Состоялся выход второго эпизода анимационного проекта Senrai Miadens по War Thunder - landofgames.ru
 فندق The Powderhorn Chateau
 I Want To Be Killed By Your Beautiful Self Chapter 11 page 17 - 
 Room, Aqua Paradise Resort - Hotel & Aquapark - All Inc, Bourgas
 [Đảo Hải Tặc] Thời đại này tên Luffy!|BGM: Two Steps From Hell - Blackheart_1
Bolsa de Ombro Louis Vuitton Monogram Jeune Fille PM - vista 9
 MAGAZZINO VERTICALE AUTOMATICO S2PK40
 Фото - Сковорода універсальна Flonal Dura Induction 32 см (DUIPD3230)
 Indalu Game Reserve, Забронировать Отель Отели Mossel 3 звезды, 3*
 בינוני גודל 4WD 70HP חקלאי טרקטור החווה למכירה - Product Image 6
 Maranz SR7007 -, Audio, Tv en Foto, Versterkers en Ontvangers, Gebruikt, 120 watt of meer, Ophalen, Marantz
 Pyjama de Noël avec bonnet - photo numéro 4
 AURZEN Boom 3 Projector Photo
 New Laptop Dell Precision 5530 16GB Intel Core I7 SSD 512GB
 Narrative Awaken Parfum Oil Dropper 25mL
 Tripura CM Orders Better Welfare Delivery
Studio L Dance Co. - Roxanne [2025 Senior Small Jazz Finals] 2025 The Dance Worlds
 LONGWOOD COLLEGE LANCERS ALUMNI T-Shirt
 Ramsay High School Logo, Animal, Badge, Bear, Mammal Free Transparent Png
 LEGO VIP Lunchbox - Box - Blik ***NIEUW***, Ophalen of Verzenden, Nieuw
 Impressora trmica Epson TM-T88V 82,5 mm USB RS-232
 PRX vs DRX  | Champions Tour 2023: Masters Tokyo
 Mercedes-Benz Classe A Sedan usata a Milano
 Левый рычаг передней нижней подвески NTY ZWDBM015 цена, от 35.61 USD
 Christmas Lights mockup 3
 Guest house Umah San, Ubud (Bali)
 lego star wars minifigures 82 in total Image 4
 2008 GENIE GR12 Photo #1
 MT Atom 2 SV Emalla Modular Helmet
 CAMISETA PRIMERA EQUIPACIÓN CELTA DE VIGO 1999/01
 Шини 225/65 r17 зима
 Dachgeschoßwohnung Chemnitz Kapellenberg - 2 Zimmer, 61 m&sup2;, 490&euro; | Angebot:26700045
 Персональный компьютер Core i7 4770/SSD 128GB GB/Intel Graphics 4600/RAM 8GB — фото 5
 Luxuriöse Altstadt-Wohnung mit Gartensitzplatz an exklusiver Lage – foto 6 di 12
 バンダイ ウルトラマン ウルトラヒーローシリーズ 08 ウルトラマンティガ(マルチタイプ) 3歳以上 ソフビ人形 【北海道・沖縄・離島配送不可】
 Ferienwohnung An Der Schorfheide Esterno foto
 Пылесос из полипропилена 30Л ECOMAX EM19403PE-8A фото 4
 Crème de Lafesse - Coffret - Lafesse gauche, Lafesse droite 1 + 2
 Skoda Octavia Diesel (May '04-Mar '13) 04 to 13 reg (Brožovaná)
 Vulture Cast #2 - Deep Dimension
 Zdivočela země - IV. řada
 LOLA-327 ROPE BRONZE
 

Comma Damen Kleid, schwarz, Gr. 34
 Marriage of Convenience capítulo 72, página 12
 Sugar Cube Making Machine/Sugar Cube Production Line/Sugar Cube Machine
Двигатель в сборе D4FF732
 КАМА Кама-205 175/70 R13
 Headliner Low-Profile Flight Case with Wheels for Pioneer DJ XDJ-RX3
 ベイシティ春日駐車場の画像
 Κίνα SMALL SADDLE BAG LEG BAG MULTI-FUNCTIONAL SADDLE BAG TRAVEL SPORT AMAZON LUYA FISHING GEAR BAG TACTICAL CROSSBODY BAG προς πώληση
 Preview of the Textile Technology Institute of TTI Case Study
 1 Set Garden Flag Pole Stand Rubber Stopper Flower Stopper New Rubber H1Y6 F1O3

● Your goal: Give back the whole listing exactly as it reads.

● Task result:
Состоялся выход второго эпизода анимационного проекта Senrai Miadens по War Thunder - landofgames.ru
 فندق The Powderhorn Chateau
 I Want To Be Killed By Your Beautiful Self Chapter 11 page 17 - 
 Room, Aqua Paradise Resort - Hotel & Aquapark - All Inc, Bourgas
 [Đảo Hải Tặc] Thời đại này tên Luffy!|BGM: Two Steps From Hell - Blackheart_1
Bolsa de Ombro Louis Vuitton Monogram Jeune Fille PM - vista 9
 MAGAZZINO VERTICALE AUTOMATICO S2PK40
 Фото - Сковорода універсальна Flonal Dura Induction 32 см (DUIPD3230)
 Indalu Game Reserve, Забронировать Отель Отели Mossel 3 звезды, 3*
 בינוני גודל 4WD 70HP חקלאי טרקטור החווה למכירה - Product Image 6
 Maranz SR7007 -, Audio, Tv en Foto, Versterkers en Ontvangers, Gebruikt, 120 watt of meer, Ophalen, Marantz
 Pyjama de Noël avec bonnet - photo numéro 4
 AURZEN Boom 3 Projector Photo
 New Laptop Dell Precision 5530 16GB Intel Core I7 SSD 512GB
 Narrative Awaken Parfum Oil Dropper 25mL
 Tripura CM Orders Better Welfare Delivery
Studio L Dance Co. - Roxanne [2025 Senior Small Jazz Finals] 2025 The Dance Worlds
 LONGWOOD COLLEGE LANCERS ALUMNI T-Shirt
 Ramsay High School Logo, Animal, Badge, Bear, Mammal Free Transparent Png
 LEGO VIP Lunchbox - Box - Blik ***NIEUW***, Ophalen of Verzenden, Nieuw
 Impressora trmica Epson TM-T88V 82,5 mm USB RS-232
 PRX vs DRX  | Champions Tour 2023: Masters Tokyo
 Mercedes-Benz Classe A Sedan usata a Milano
 Левый рычаг передней нижней подвески NTY ZWDBM015 цена, от 35.61 USD
 Christmas Lights mockup 3
 Guest house Umah San, Ubud (Bali)
 lego star wars minifigures 82 in total Image 4
 2008 GENIE GR12 Photo #1
 MT Atom 2 SV Emalla Modular Helmet
 CAMISETA PRIMERA EQUIPACIÓN CELTA DE VIGO 1999/01
 Шини 225/65 r17 зима
 Dachgeschoßwohnung Chemnitz Kapellenberg - 2 Zimmer, 61 m&sup2;, 490&euro; | Angebot:26700045
 Персональный компьютер Core i7 4770/SSD 128GB GB/Intel Graphics 4600/RAM 8GB — фото 5
 Luxuriöse Altstadt-Wohnung mit Gartensitzplatz an exklusiver Lage – foto 6 di 12
 バンダイ ウルトラマン ウルトラヒーローシリーズ 08 ウルトラマンティガ(マルチタイプ) 3歳以上 ソフビ人形 【北海道・沖縄・離島配送不可】
 Ferienwohnung An Der Schorfheide Esterno foto
 Пылесос из полипропилена 30Л ECOMAX EM19403PE-8A фото 4
 Crème de Lafesse - Coffret - Lafesse gauche, Lafesse droite 1 + 2
 Skoda Octavia Diesel (May '04-Mar '13) 04 to 13 reg (Brožovaná)
 Vulture Cast #2 - Deep Dimension
 Zdivočela země - IV. řada
 LOLA-327 ROPE BRONZE
 

Comma Damen Kleid, schwarz, Gr. 34
 Marriage of Convenience capítulo 72, página 12
 Sugar Cube Making Machine/Sugar Cube Production Line/Sugar Cube Machine
Двигатель в сборе D4FF732
 КАМА Кама-205 175/70 R13
 Headliner Low-Profile Flight Case with Wheels for Pioneer DJ XDJ-RX3
 ベイシティ春日駐車場の画像
 Κίνα SMALL SADDLE BAG LEG BAG MULTI-FUNCTIONAL SADDLE BAG TRAVEL SPORT AMAZON LUYA FISHING GEAR BAG TACTICAL CROSSBODY BAG προς πώληση
 Preview of the Textile Technology Institute of TTI Case Study
 1 Set Garden Flag Pole Stand Rubber Stopper Flower Stopper New Rubber H1Y6 F1O3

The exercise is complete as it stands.